So taking that concern into account, I devised a simple struct to accumulate some metrics as the algorithm is executing. cmp stores the number of comparisons made during execution, ie. comparing elements of the array against each other. ass stores the number of assignments of array elements. rec stores the number of function calls to the particular function (interesting when functions are recursive). Finally, unit and ulen are just type variables that define the type of array elements and array indexes (lengths) respectively.
typedef unsigned long unit;
typedef unsigned long ulen;
typedef struct {
char *name;
ulen cmp;
ulen ass;
ulen rec;
} Metrics;
With that out of the way, the data types should be clear (as clear as they'll ever be I guess). I actually did it this way so I could switch the type in just one place while I was playing with it. (It's a bit easier to see if a few shorts are in order before you go to large datasets and want a wide value space.)
Before we move along to the algorithms themselves, one thing to consider is what sort of data they'll be sorting. Different algorithms have different performance characteristics depending on how much of the data is already sorted. I decided it would be most instructive to give them a real workout, so I'm feeding data from /dev/urandom. This is essentially the worst case scenario, the data is pretty damn random and the stats below reflect this.
One last thing. In order to collect metrics the algorithms were mildly instrumented. I've tried to make this as unintrusive as possible, but it necessarily adds a line here and there. I'm not sure if the metrics are exactly right, but they should at least give you a decent order-of-magnitude idea.
The first algorithm making an appearance is bubble sort. What bubble sort does is start at the beginning of the array, and repeat the same action for each position in the array. It takes the element that is found there, and if it's larger than the element on the right, it swaps them. And then it keeps swapping up the array until it finds a neighbor that isn't smaller. Once that happens, it moves on to the next position in the array.

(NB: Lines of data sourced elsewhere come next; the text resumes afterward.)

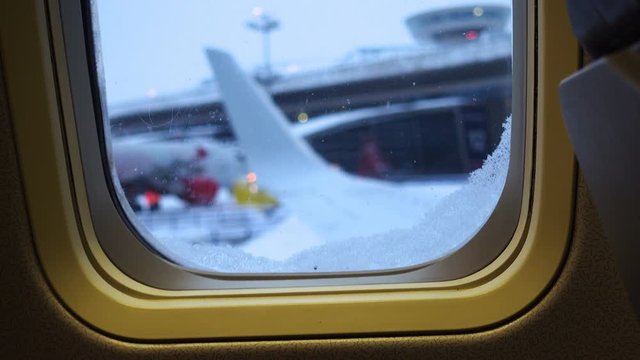 looking through the illuminator of aircraft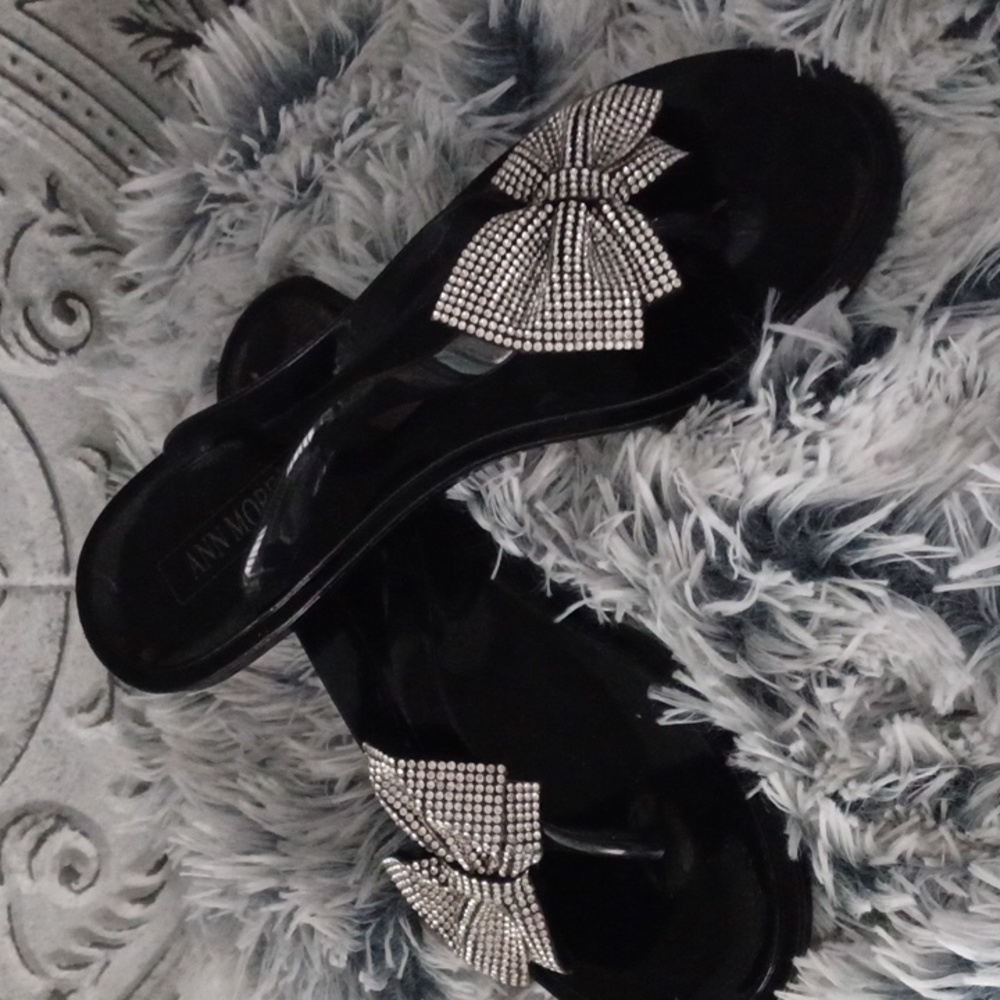 Elegant Black Sandals with Rhinestone Bow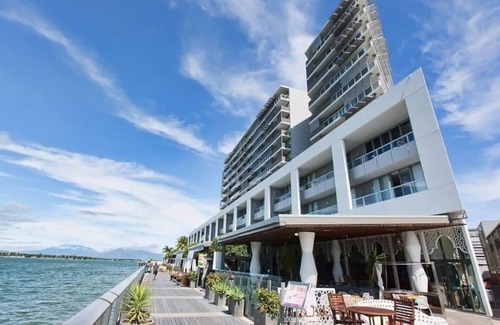 Cairns Central Business District Apartment | Absolute Waterfront Apartment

It turns out that when you do this for each position in the array, you get all the elements in order. If you're still skeptical think of it this way. The largest element will have been swapped all the way to the end, so it's definitely in order. The smallest element, no matter where it happened to start out, will have been swapped past by all the larger elements to its left, so it eventually ends up at the very beginning. And the same holds for all the elements in between.
Metrics bubblesort(unit *arr, ulen length) {
Metrics ms = {"bubblesort", 0, 0, 1};
ulen swaps = 1;
unit swap;
for(ulen i=0; i<length-1 && swaps > 0; i++) {
swaps = 0;
for (ulen j=0; j<length-1; j++, ms.cmp++) {
if (arr[j] > arr[j+1]) {
swaps += 3;
swap = arr[j];
arr[j] = arr[j+1];
arr[j+1] = swap;
}
}
ms.ass += swaps;
}
return ms;
}
=== bubblesort ===
n : 100000
n*log(n) : 1660964
n^2 : 10000000000
calls : 1
comparisons: 9938500614
assignments: 7498934958
runtime : 30.540000s
As you'll have spotted, ms is the variable carrying the metrics, so any reference to ms.something has to do with collecting metrics, the rest is algorithm logic. Below the code is the metric listing I computed. Just to keep it consistent all these runs were done on 100,000 item arrays. For your convenience, there are also the values for n2 and n·log(n), useful reference points for sorting algorithms.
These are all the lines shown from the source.